--- Exercise material Enclosed Below ---
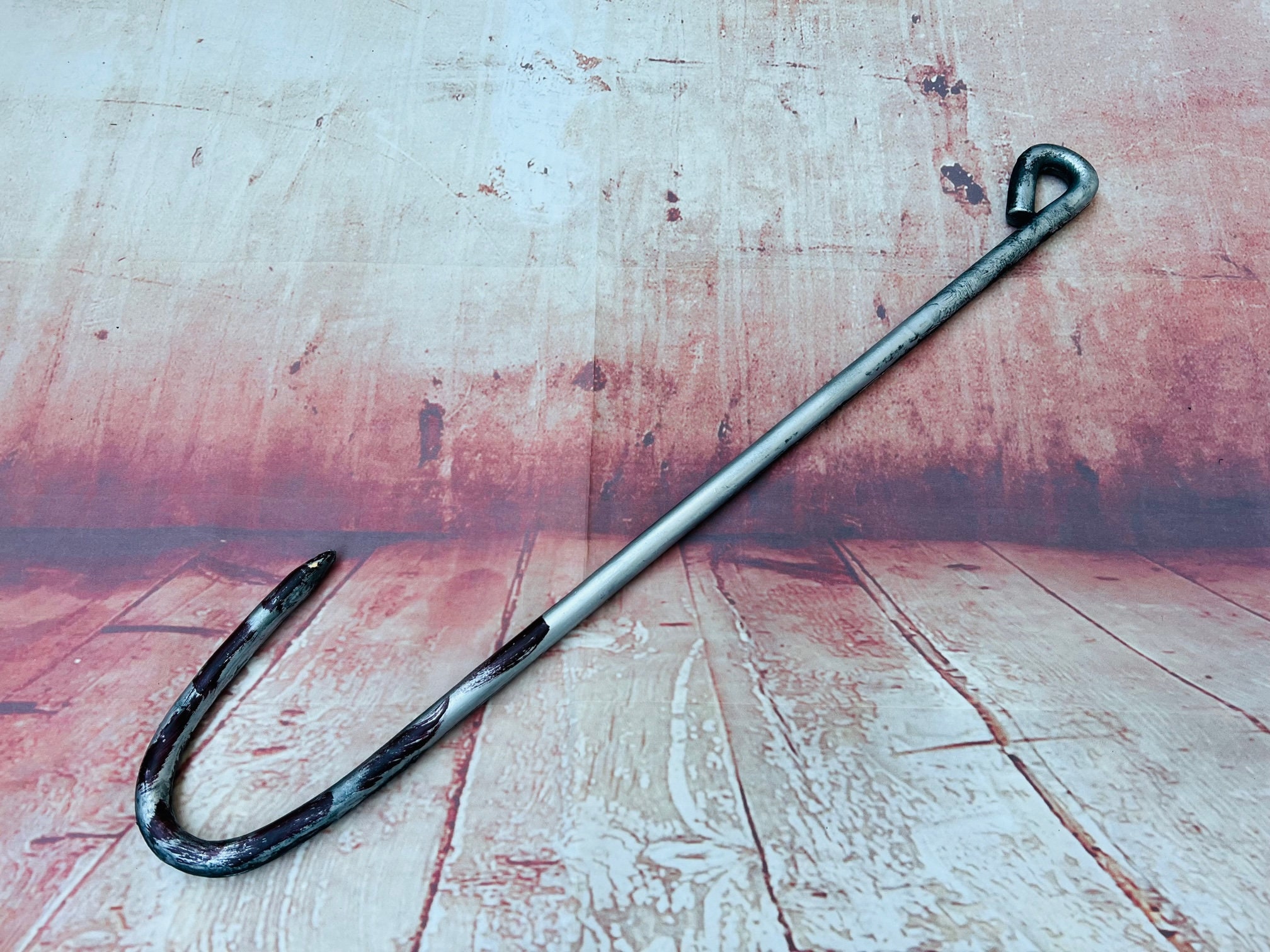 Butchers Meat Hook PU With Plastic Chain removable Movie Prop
--- End of Enclosed Exercise material ---
--- Exercise material Enclosed Below ---
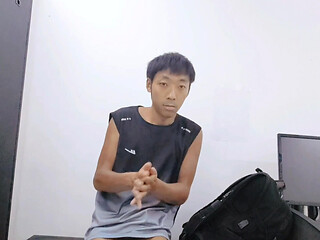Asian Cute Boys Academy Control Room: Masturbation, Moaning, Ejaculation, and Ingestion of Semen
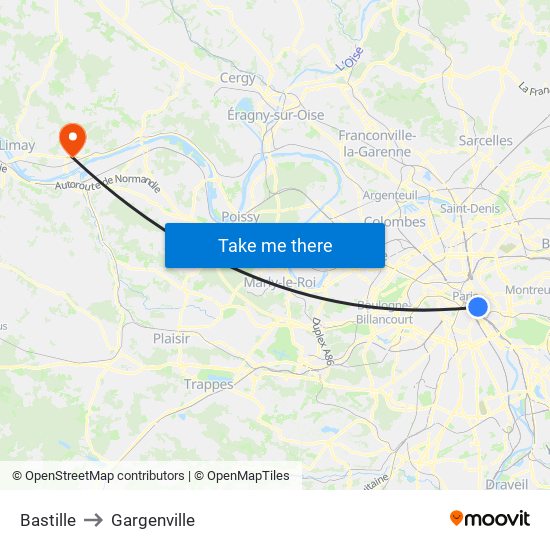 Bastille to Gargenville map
--- End of Enclosed Exercise material ---
▶ [Work request]: Both the line containing "Asian Cute Boys" and the line containing "Bastille to Gargenville map" above belong in the output, as do the lines between them. Print them exactly, without pictures.

▶ [Solution]:
Asian Cute Boys Academy Control Room: Masturbation, Moaning, Ejaculation, and Ingestion of Semen
 Bastille to Gargenville map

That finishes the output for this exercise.